Data Mining has emerged at the confluence of machine learning, statistics, and databases as a technique for discovering summary knowledge in large datasets. This course introduces students to the process and main techniques in data mining, including association rule learning; classification approaches such as inductive inference of decision trees and neural network learning, clustering techniques, and research topics such as inductive logic programming / multi-relational data mining and time series mining.
The emphasis will be on algorithmic issues and data mining from a data management and machine learning viewpoint, it is anticipated that students interested in additional study of data mining will benefit from taking offerings in statistics such as Stat 598M or Stat 695A. It is probably not appropriate for students who have taken ECE 632.

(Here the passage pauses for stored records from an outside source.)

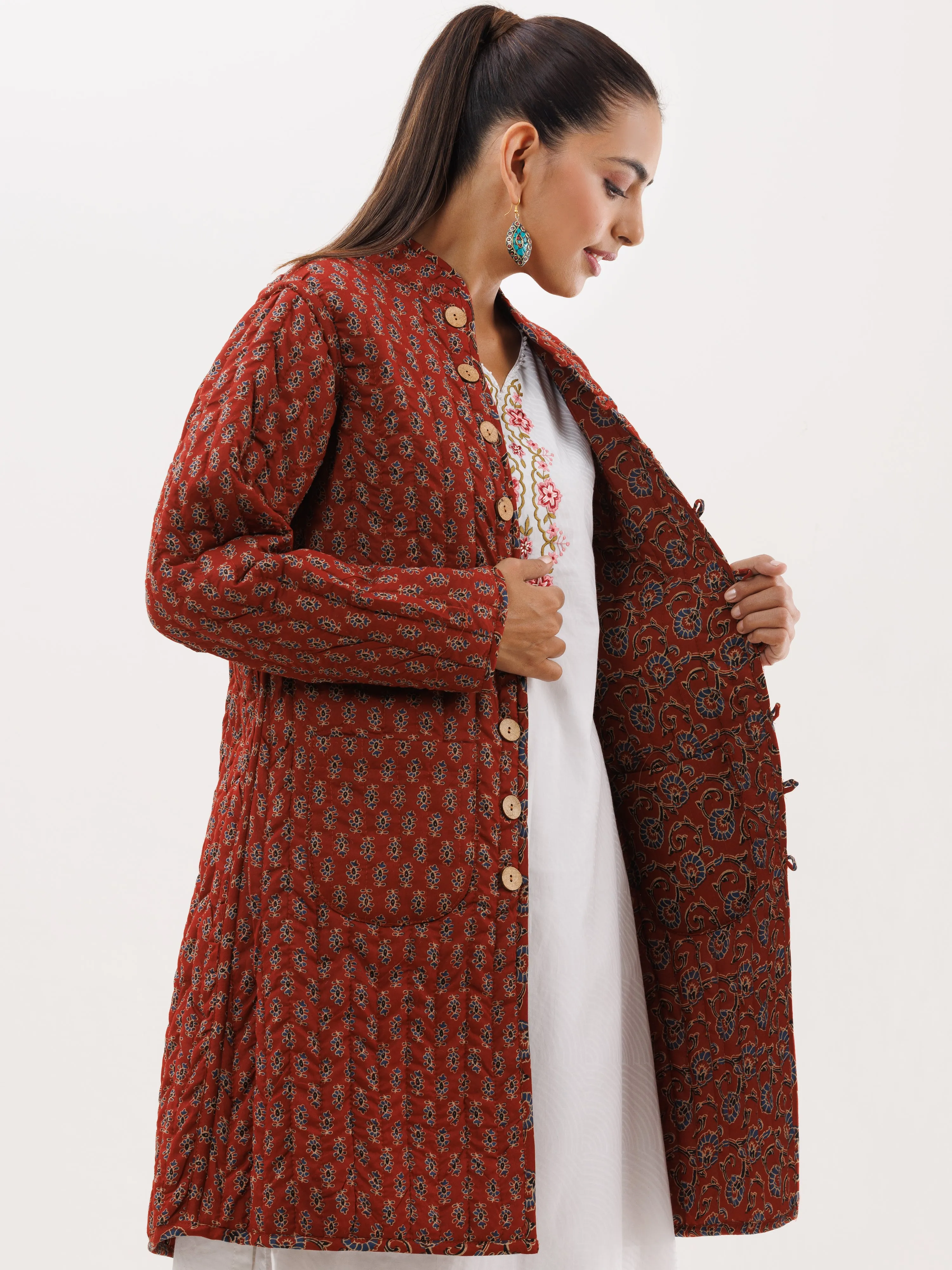 Shishir Faana Ajrakh Quilted Reversible Jacket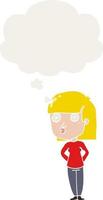 dessin animé femme regardant fixement et bulle de pensée dans un style rétro vecteur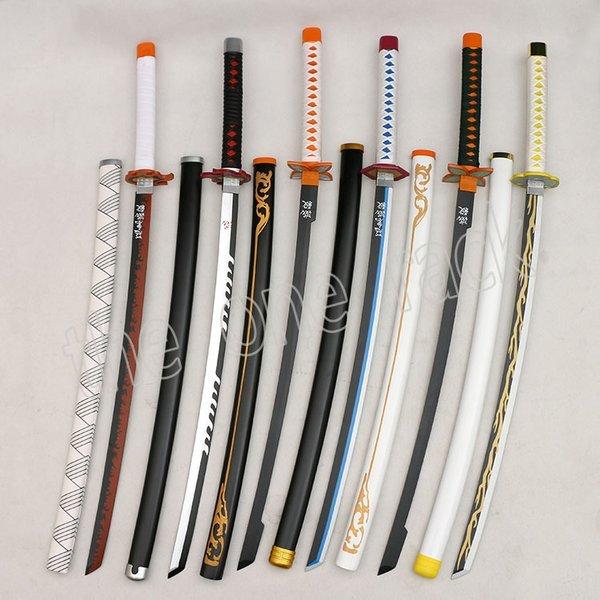 鬼滅の刃の刀 日輪刀 剣木製刀 ベルト付けセット コスプレ 刀鞘 我妻 善逸 炭治郎 冨岡義勇 胡蝶しのぶ 時透 無一郎 コスプレ道具武器模造刀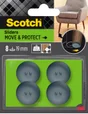 Lot de 8 patins adhésifs alvéolé eur, SCOTCH, diam.19 mm, gris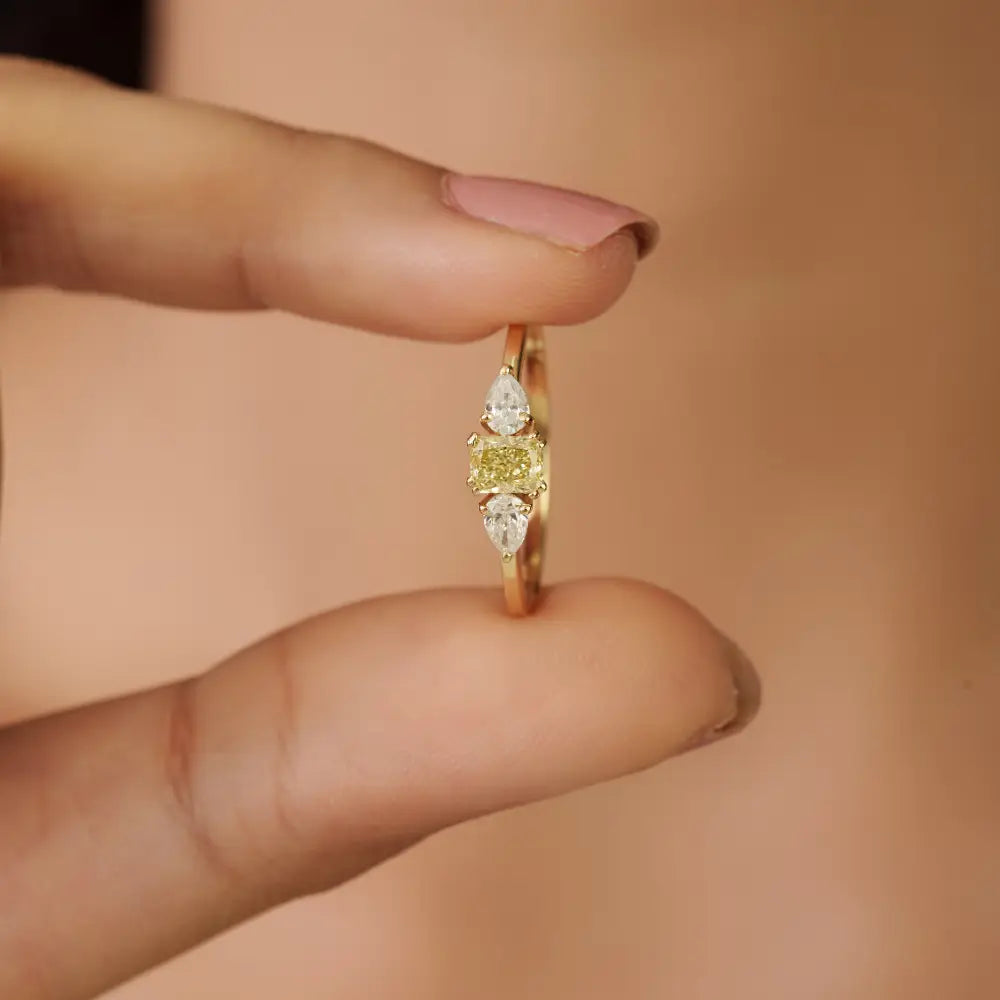 100% Natural Diamond Minimal Engagement Ring Pure K14 Yellow Gold Proposal Jewelry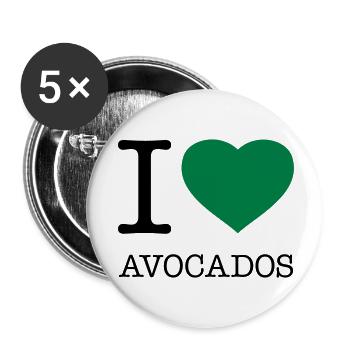 I LOVE AVOCADOS - Buttons small 1''/25 mm (5-pack) - white - Front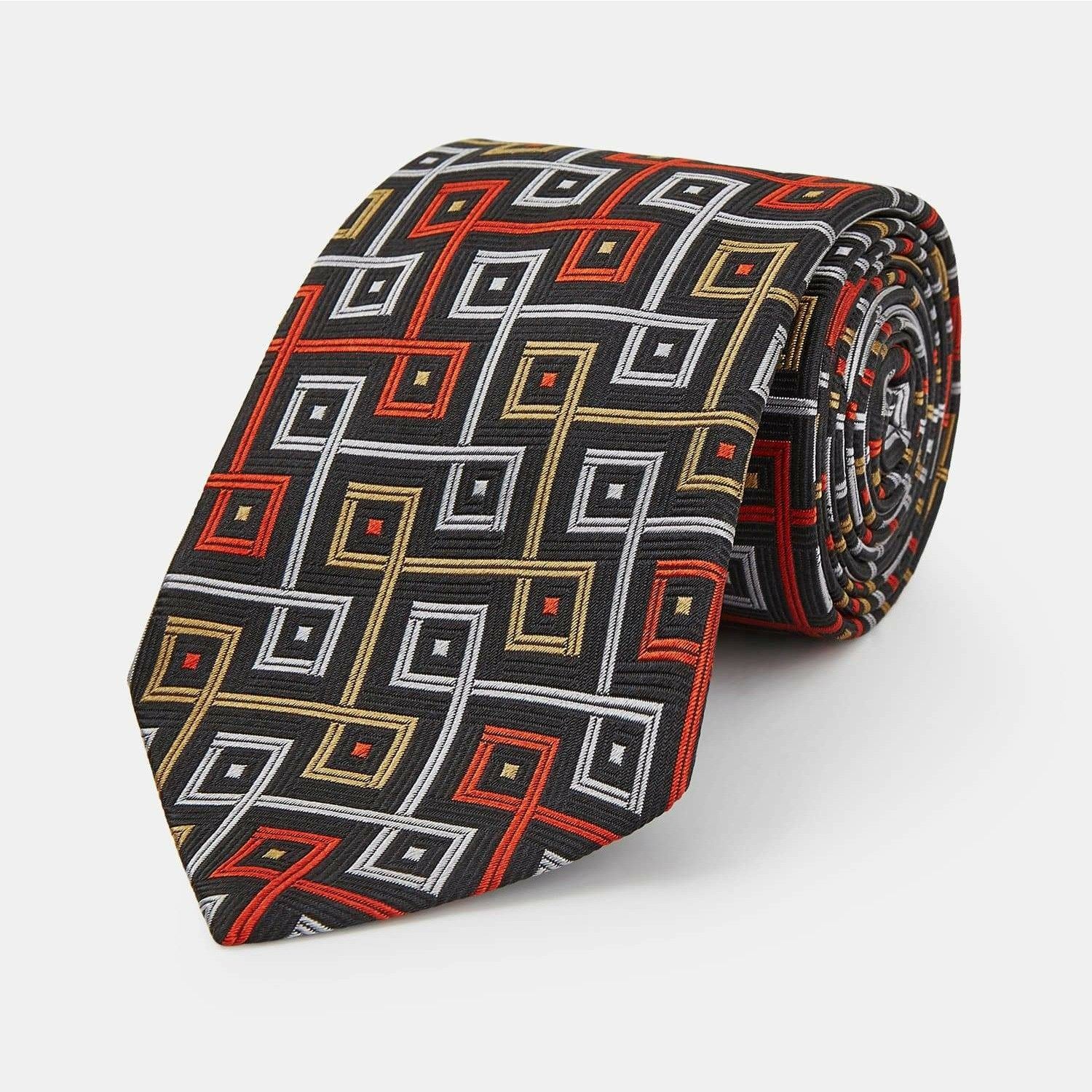 James Bond Geo Squares Silk Tie - The World Is Not Enough Edition - By Turnbull & Asser 007Store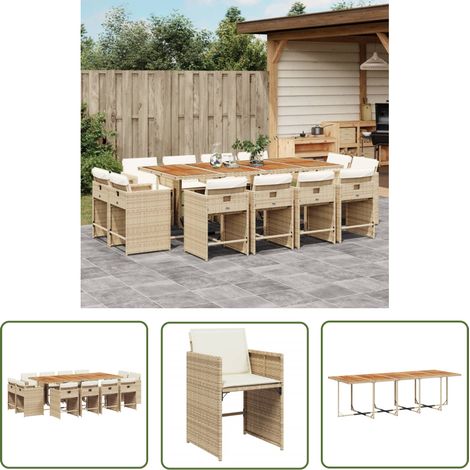 The Living Store 13-tlg. Garten-Essgruppe mit Kissen Beige Poly Rattan - Gartentisch - Esstisch - Gartenmöbel Set - Outdoor Möbel - Terrassenmöbel (1/5)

Please send questions to the course newsgroup
purdue.class.cs590d.
This should be used for most questions. If you have something
you don't want made public, send it to
.
Critical announcements will be made via the
course mailing list.
We will be using
WebCT Vista
for recording and distributing grades.
For now, Professor Clifton will not have regular office hours. Feel free to drop by anytime, or send email with some suggested times to schedule an appointment. You can also try H.323/T.120 desktop videoconferencing (e.g., SunForum, Microsoft NetMeeting.) You can try opening an H.323 connection to blitz.cs.purdue.edu - send email if there is no response, and I'll start it up if I'm in.
Undergraduate-level expertise in database, algorithms, and statistics; Java programming experience. Students without this background should discuss their preparation with the instructor.
Students from outside Computer Science should send me email explaining why they feel they meet the prerequisites, or come talk to me. When I've approved that I feel you meet the prerequisites, I'll send email, then you can follow the information on non-CS students registering for CS courses to register.
Pang-Ning Tan, Michael Steinbach, and Vipin Kumar, Introduction to Data Mining, Addison-Wesley, 2006. ISBN 0-321-32136-7.
This will be supplemented with readings from the current research literature.
You might also find the following useful if you find on-line documentation
hard to follow (it is the companion book to
WEKA,
which will be used for course projects):
Ian H. Witten and Eibe Frank,
Data Mining:
Practical Machine Learning Tools and Techniques, Second Edition,
Morgan Kaufmann Publishers,
June 2005. 560 pages. ISBN 0-12-088407-0.
Evaluation will be a subjective process (see my grading standards), however it will be based primarily on your understanding of the material as evidenced in:
Exams will be open note / open book. To avoid a disparity between resources available to different students, electronic aids are not permitted.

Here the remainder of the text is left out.